Activity
Using the records below, transcribe exactly only the lines from the one with "#4 photo, 673" through the end, both included, and drop every picture.

Entries supplied
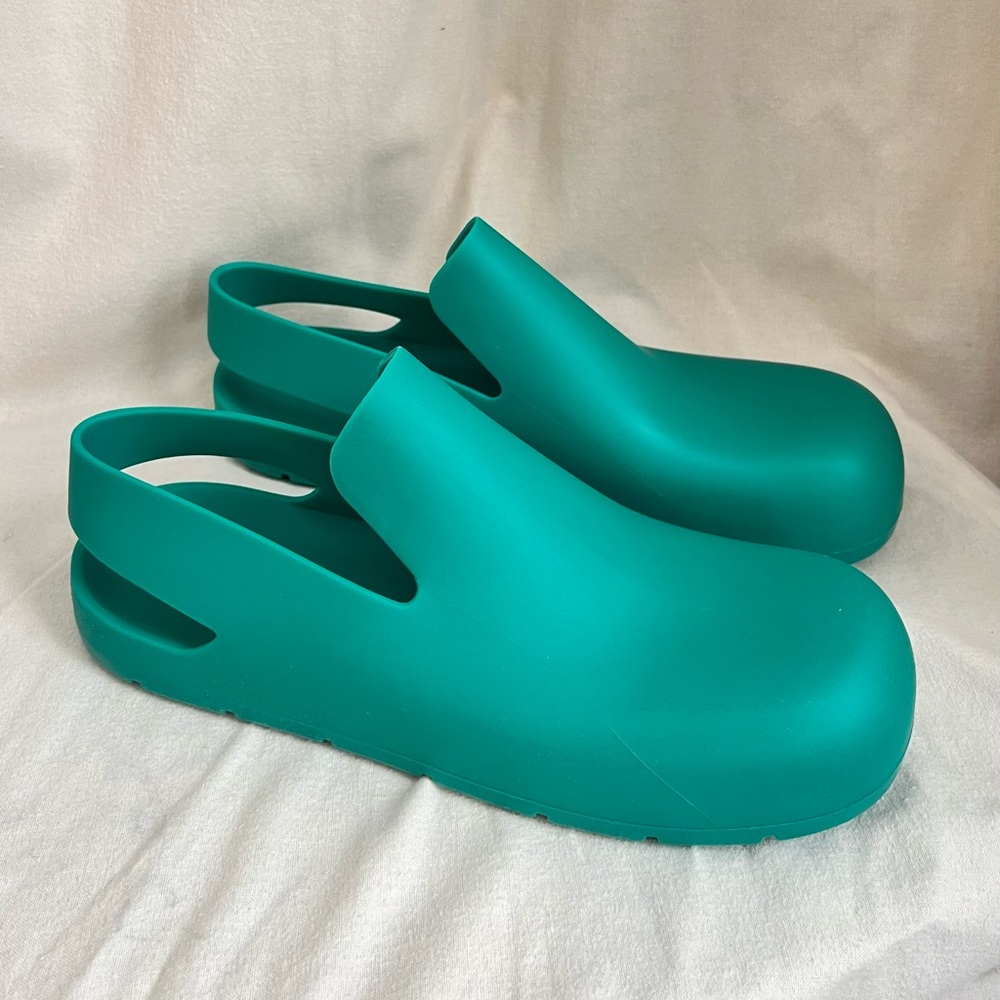 Bottega Veneta Puddle Slingback Rubber Sandal in ‘Acid Turquoise’ 38 EU / 8 US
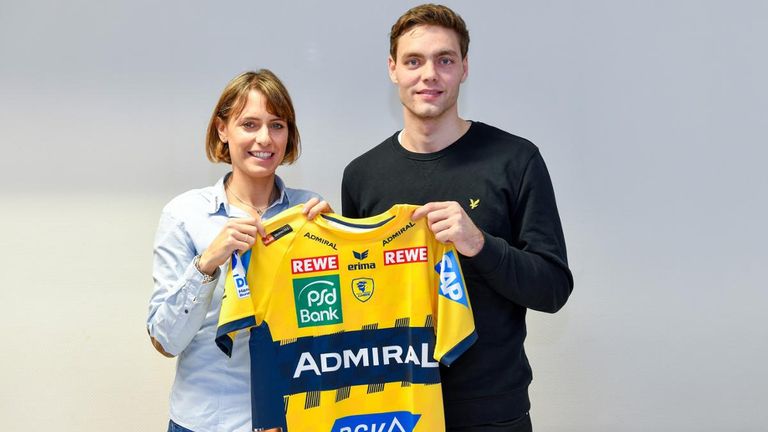 Löwen-Geschäftsführerin Jennifer Kettemann mit Neuzugang Niclas Kirkelökke (Quelle: Rhein-Neckar Löwen/Binder). 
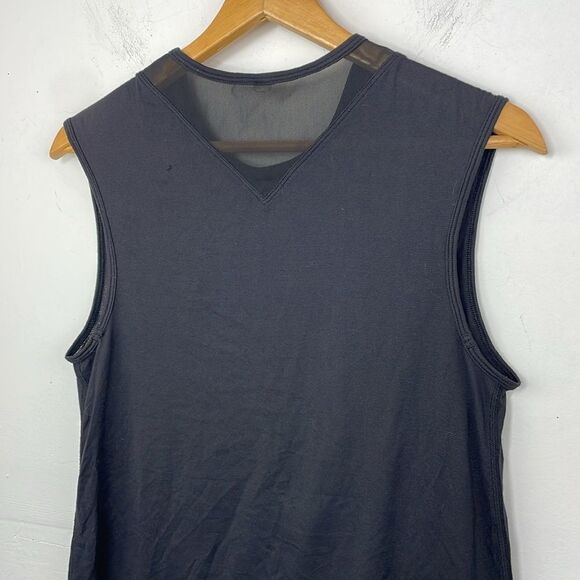 Lululemon Lab Edge Tee Sleeveless Tank Top Black Knit Mesh "V" Insert size Small - Picture 5 of 14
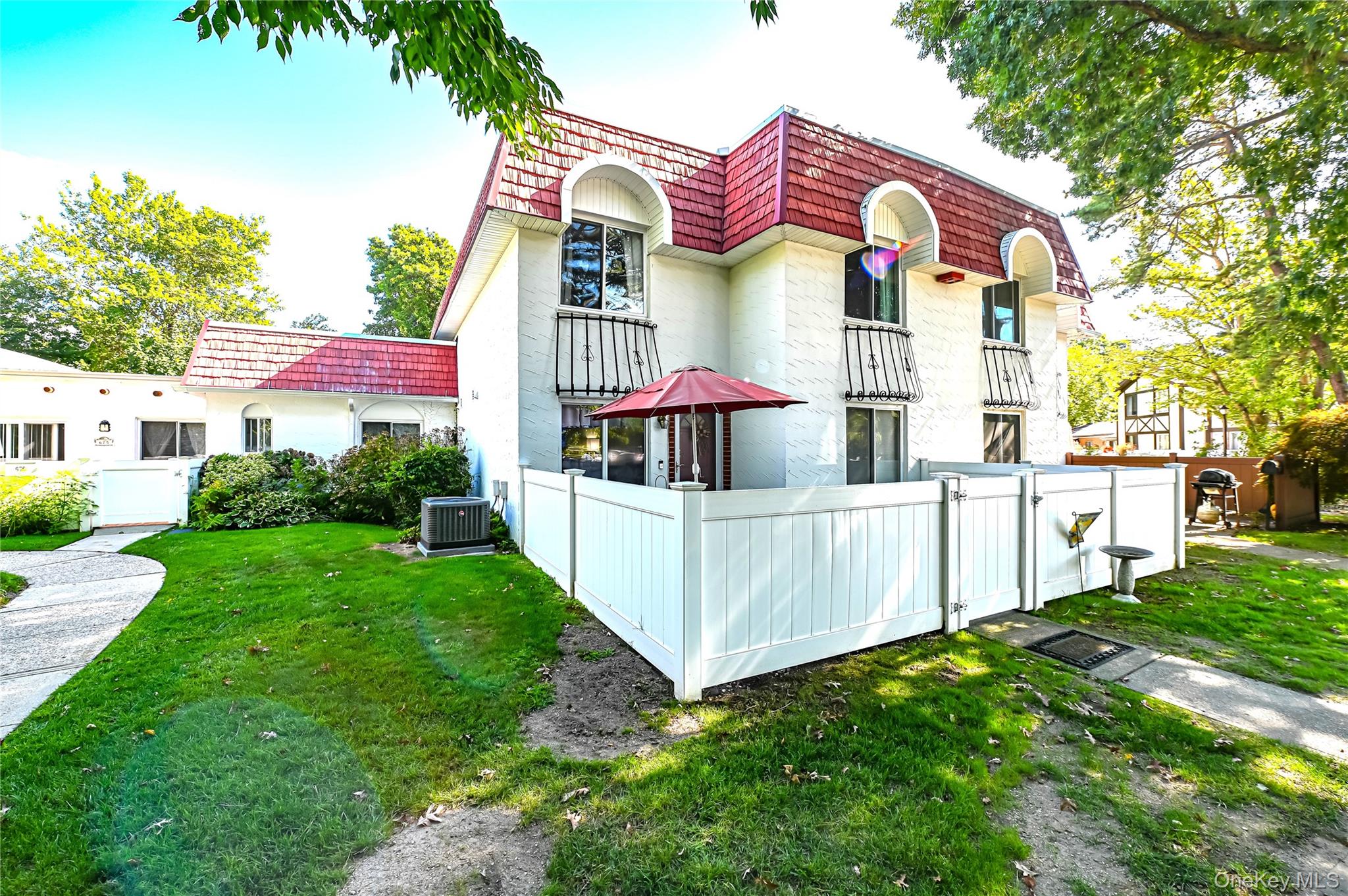 #4 photo, 673 Blue Ridge Drive, Medford , NY 11763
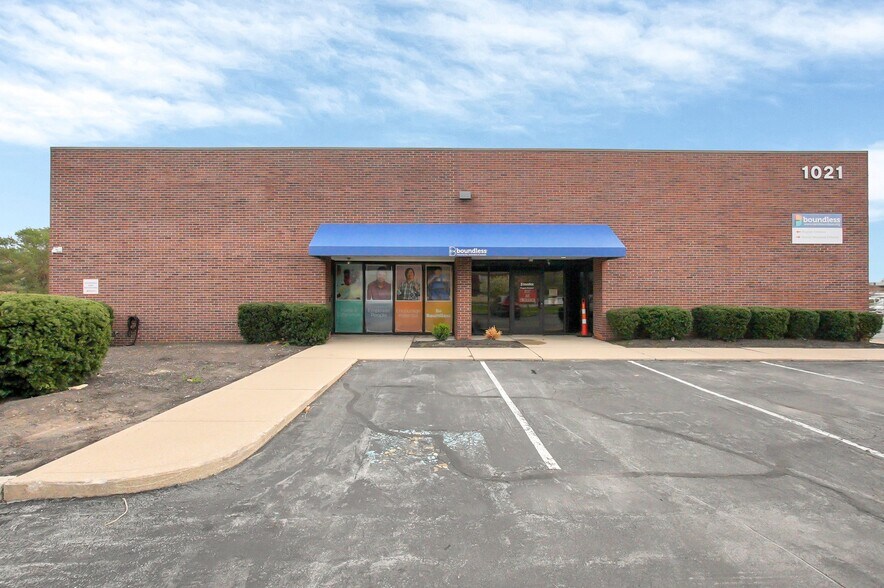 Primary Photo Of 1021 Checkrein Ave, Columbus Light Manufacturing For Sale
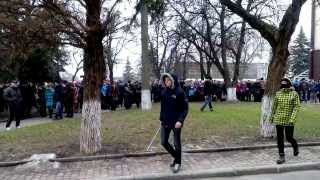 preview picture of video 'Луцк 19.02.2014 / Штурм УМВС Волыни / Ersturmung der Zentralpolizei in Lutsk / Ukraine VIDEO 1-6'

Task answer
 #4 photo, 673 Blue Ridge Drive, Medford , NY 11763
 Primary Photo Of 1021 Checkrein Ave, Columbus Light Manufacturing For Sale
 preview picture of video 'Луцк 19.02.2014 / Штурм УМВС Волыни / Ersturmung der Zentralpolizei in Lutsk / Ukraine VIDEO 1-6'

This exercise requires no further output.